At the 2006 Training Conference and Exposition, Jimmy Wales, the founder of Wikipedia gave an address about the future of open source content sites like Wikipedia (www.wikipedia.org). Wikipedia “is an encyclopedia written collaboratively by many of its readers. Lots of people are constantly improving Wikipedia, making thousands of changes an hour, all of which are recorded on article histories and recent changes. Inappropriate changes are usually removed quickly" by one of the thousands of daily visitors to the site.
The wikipedia update and addition process works as follow; someone will notice an inaccuracy in an entry and then make the change immediately. No need to notify an editor, wait for verification or even check sources. Because entries are tracked and changes recorded, people tend to make accurate changes and corrections. Even if an entry is not correct, because of the volume of visitors and ease in changing the information, inaccuracies are quickly addresses and remedied.

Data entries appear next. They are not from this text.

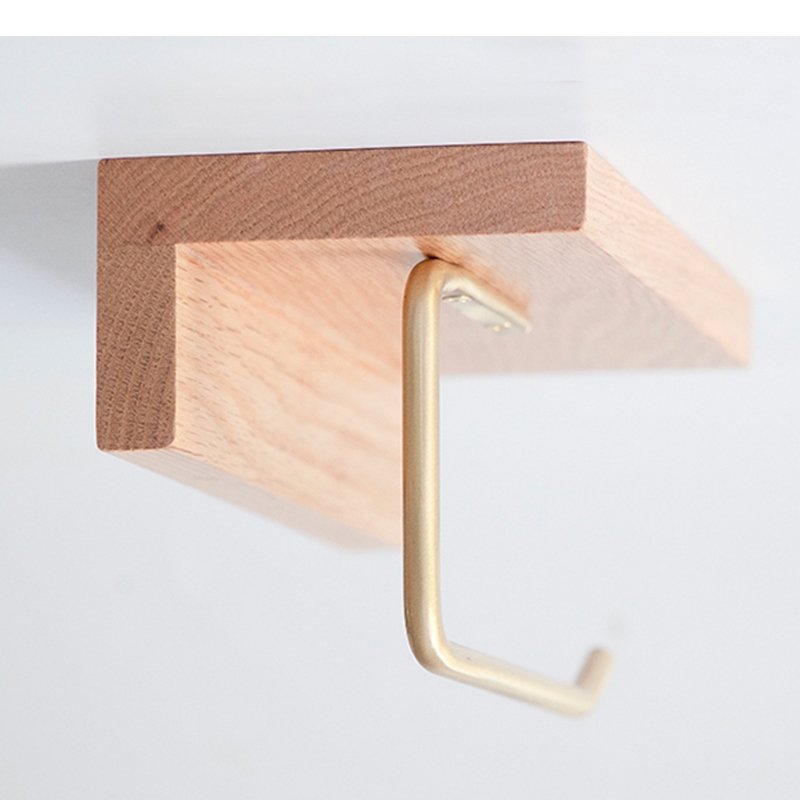 木製ティッシュホルダーロールペーパータオル収納容器ホーム壁掛 - Home Bathroom Paper Towel Holder のレビューと価格
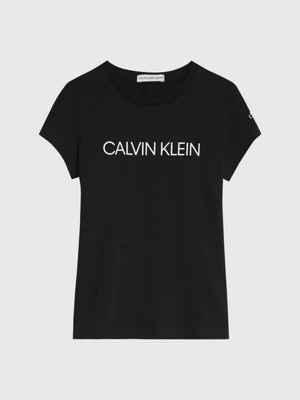 Calvin Klein T-shirt Slim En Coton Bio Avec Logo â Image 5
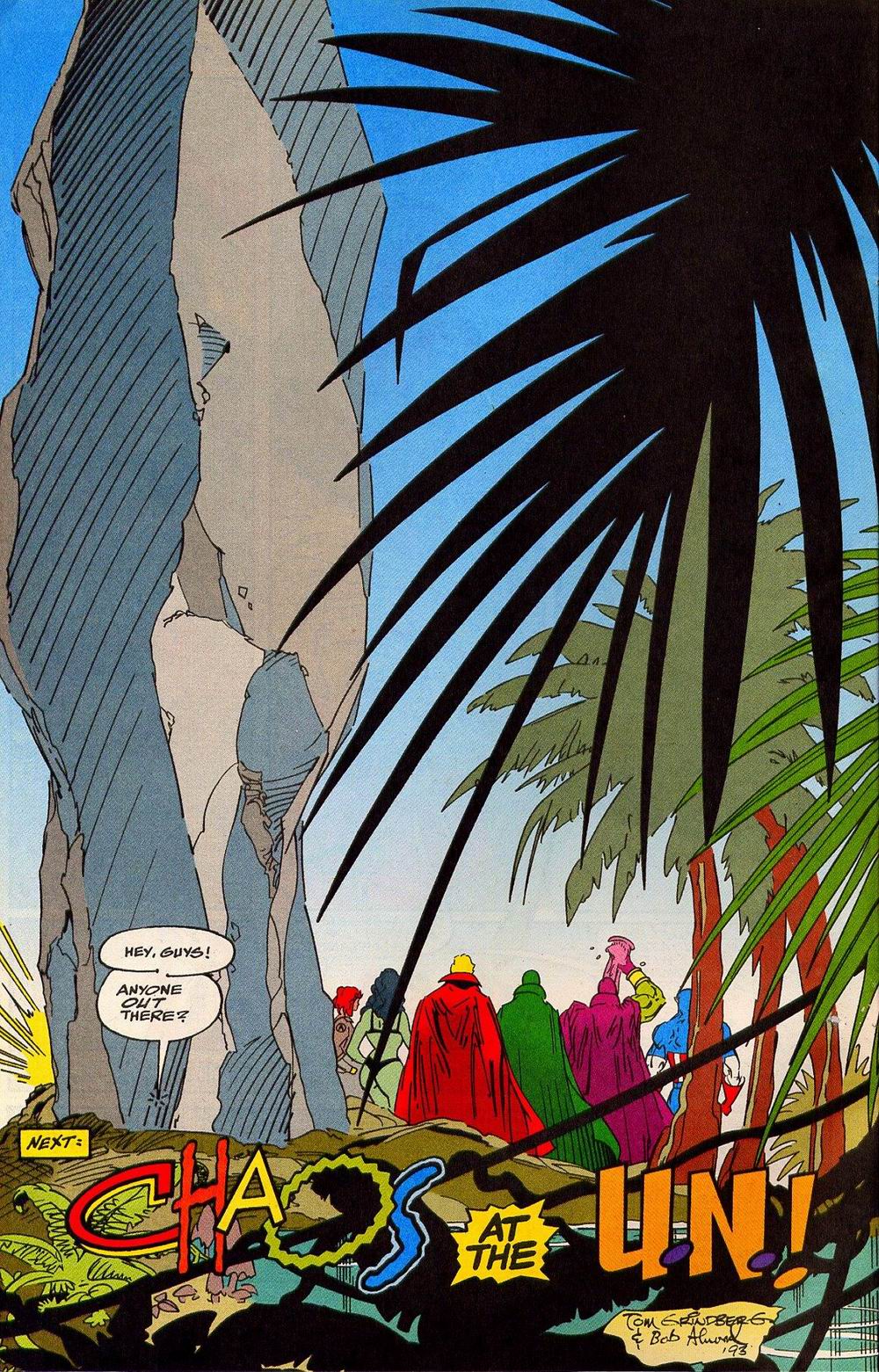 Read online Warlock and the Infinity Watch comic -  Issue #27 - 23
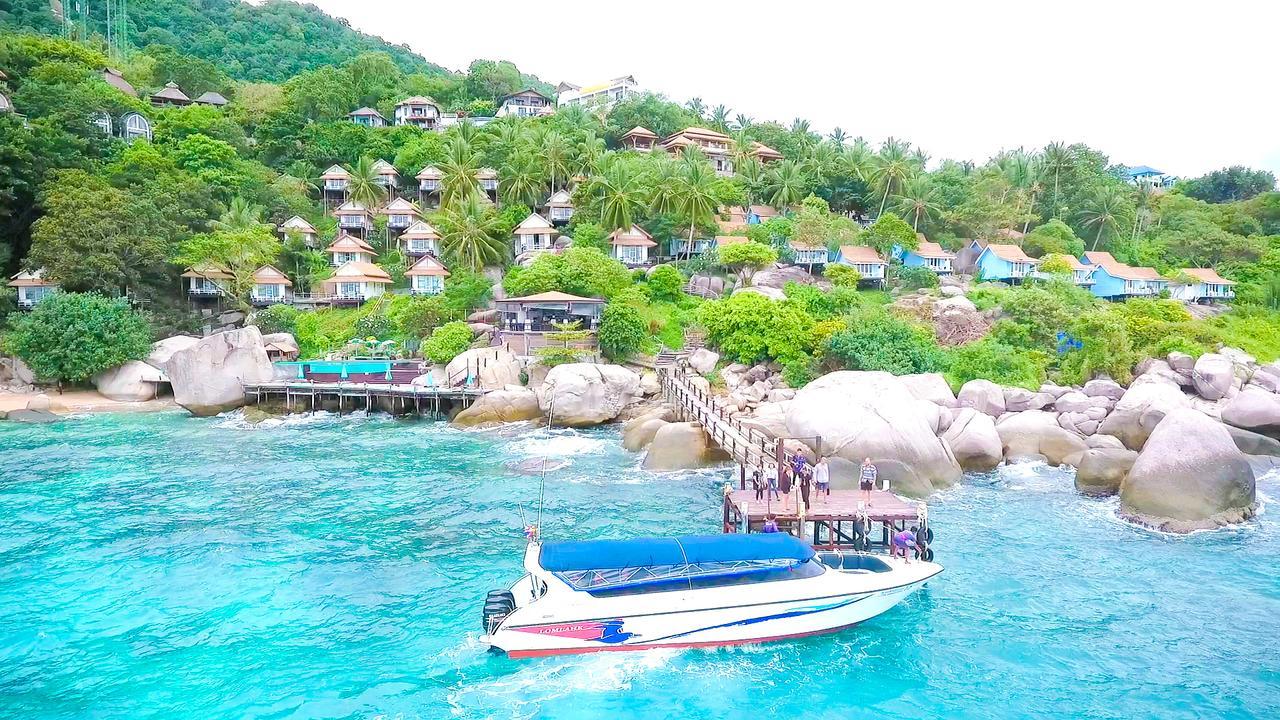 Koh Tao Hillside Resort Ko Tao Exterior foto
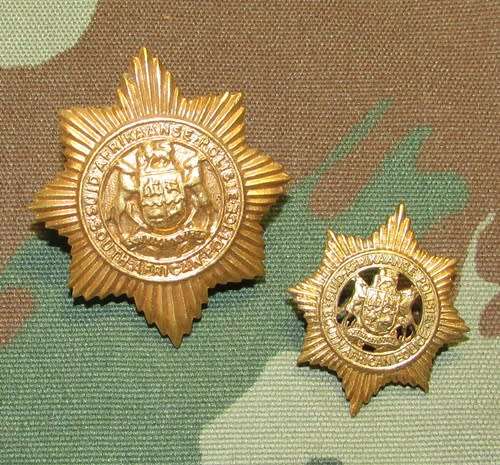 SAP - Pre 1994 Cap and Collar Badge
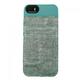 LIZARD [エフェクトカードフォルダー iPhone5/5s with Mirror or Metallic Case-Hunter Green/Silver]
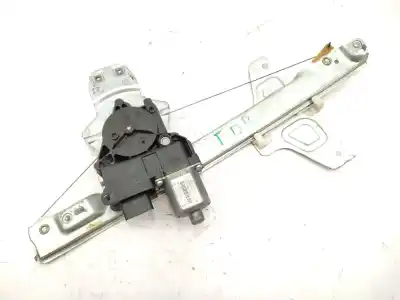 Peça sobressalente para automóvel em segunda mão elevador de vidros traseiro direito por citroen c5 iii (rd_) 2.2 hdi 200 referências oem iam 9224g9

Wikipedia is basically a collective encyclopedia written by volunteers with over 3.5 million articles in 200 languages. Anyone who visits the site can become an author or an editor—changing or adding entries. Yet, there is really only a core number of about 650 volunteers who do the heavy lifting...most of the entries and much of the base information. Then a far larger group contributes small items or minor updates to the bulk information entered by the "hard core" volunteers.
Jimmy discussed the growth of Wikipedia and how he is committed to the concept of open sources and the "wisdom of the masses." He spoke of his goal to get more languages over the 100,000 article mark and his work to make other types of wiki's accessible to all the people of the world.
He also spoke of the decision of the organization to not censor its content for any country and how that decision compared to the Google decision to allow censoring.